Blizzard, Bioware, and Bethesda. The three B's. These are the culprits.
 

Juju Zombie

Novice
Joined
Mar 27, 2020
Messages
42
OP, there are thousands of RPGs out there. Surely, some of them are good and exactly what you are looking for. You just haven't found them yet.

It sounds like you talk about big commercial RPGs made to suck out the maximum amount of money from the global population’s wallets. The romantic era of “true RPGs” didn’t end, it just took a backseat in order for the rich people to become even wealthier.

Godspeed and may the dice rolls come up in your favour.
 

Mortmal

Arcane
Joined
Jun 15, 2009
Messages
9,581
OP, there are thousands of RPGs out there. Surely, some of them are good and exactly what you are looking for. You just haven't found them yet.

It sounds like you talk about big commercial RPGs made to suck out the maximum amount of money from the global population’s wallets.
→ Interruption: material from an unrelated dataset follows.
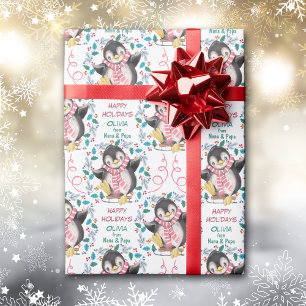 Cadeau Papier d'enveloppement de Noël Pingouin rose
The romantic era of “true RPGs” didn’t end, it just took a backseat in order for the rich people to become even wealthier.

Godspeed and may the dice rolls come up in your favour.
He’s looking for a tactical D&D RPG with a ruleset similar to AD&D 2E or retroclones like Sword & Sorcery. Something in the vein of the Gold Box or Dark Sun games. Unfortunately, nothing truly satisfying has come out in recent decades. The closest thing recently might have been Skald. It’s not a matter of searching—if such games existed, I’d definitely know about them.